# Komplettlösung - Arcania: Gothic 4: Komplettlösung, Tipps und Tricks - So kommen Sie durch die Kampagne



## SebastianThoeing (11. Oktober 2010)

*Komplettlösung - Arcania: Gothic 4: Komplettlösung, Tipps und Tricks - So kommen Sie durch die Kampagne*

Jetzt ist Deine Meinung gefragt: Hier kannst Du deinen Kommentar zum Artikel veröffentlichen und mit anderen Lesern darüber diskutieren.

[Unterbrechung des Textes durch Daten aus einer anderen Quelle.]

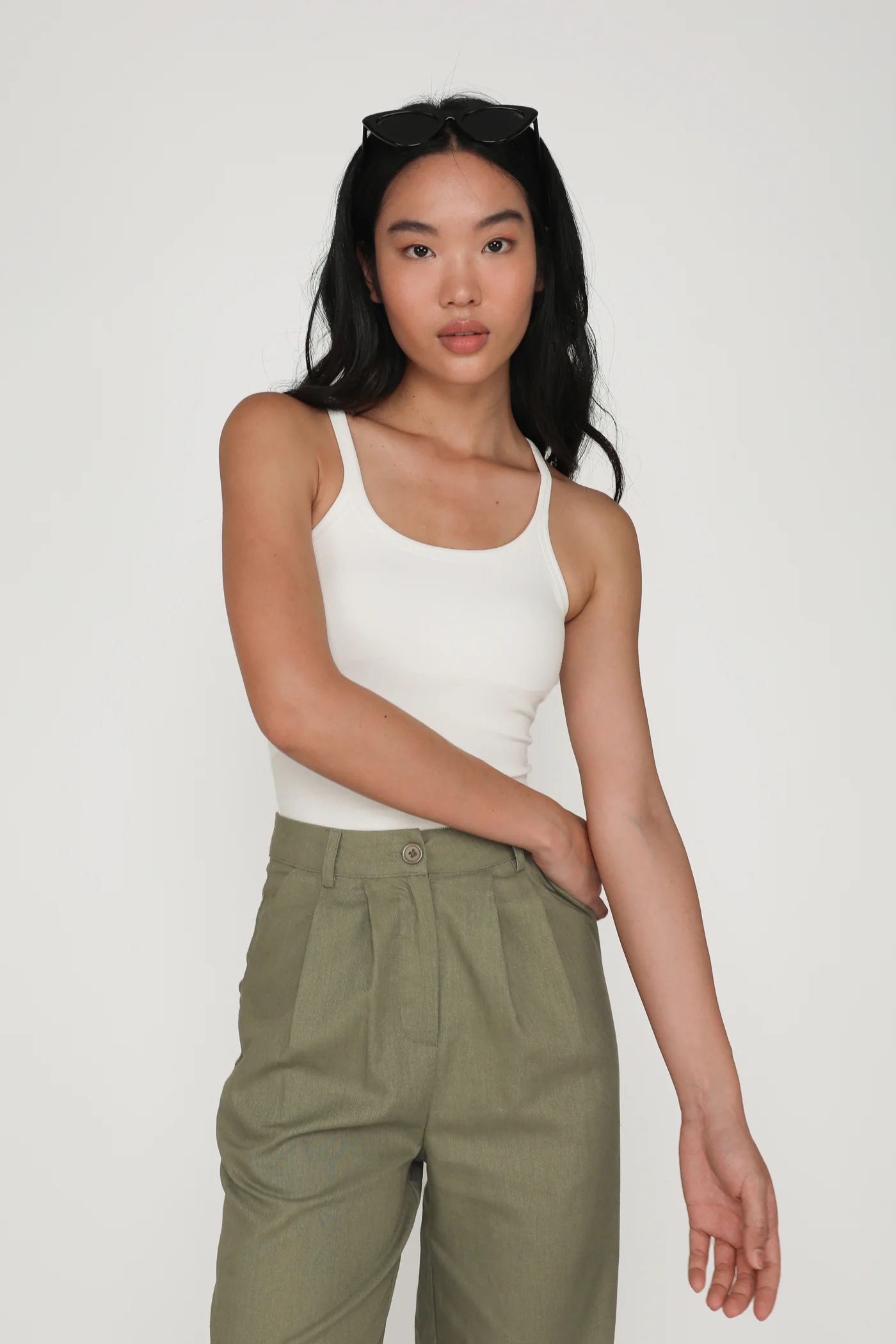 Andre Racercut Padded Top - Image 10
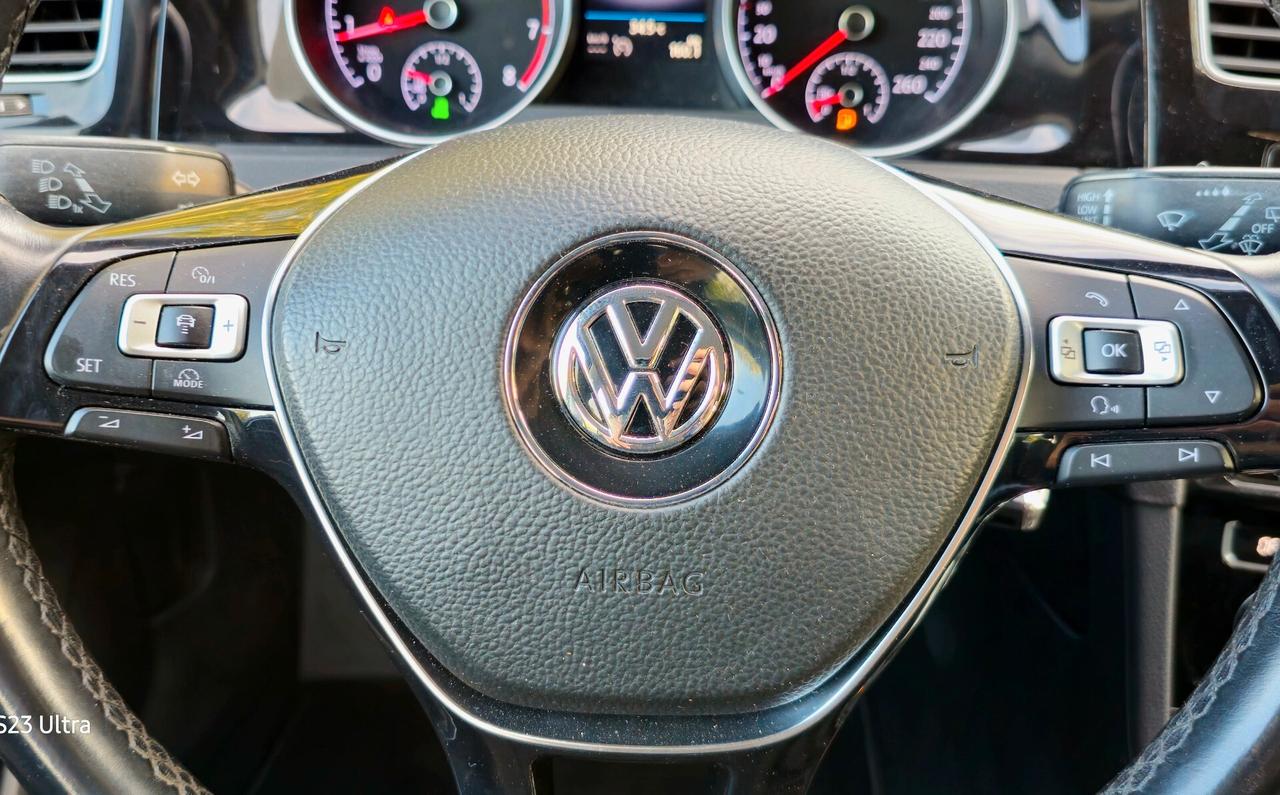 Golf 7.5 TGI EXCUTIVE METANO GARANTITA 12 MESI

			Dieser Inhalt steht nur eingeloggten Mitgliedern zur Verfügung.
        

 Zum Artikel: http://www.pcgames.de/aid,793727


----------



## eEBMBEe (11. Oktober 2010)

*AW: Komplettlösung - Arcania: Gothic 4: Komplettlösung, Tipps und Tricks - So kommen Sie durch die Kampagne*

Ist das alles oder kommt noch was dazu?


----------



## eEBMBEe (11. Oktober 2010)

*AW: Komplettlösung - Arcania: Gothic 4: Komplettlösung, Tipps und Tricks - So kommen Sie durch die Kampagne*



eEBMBEe schrieb:


> Ist das alles oder kommt noch was dazu?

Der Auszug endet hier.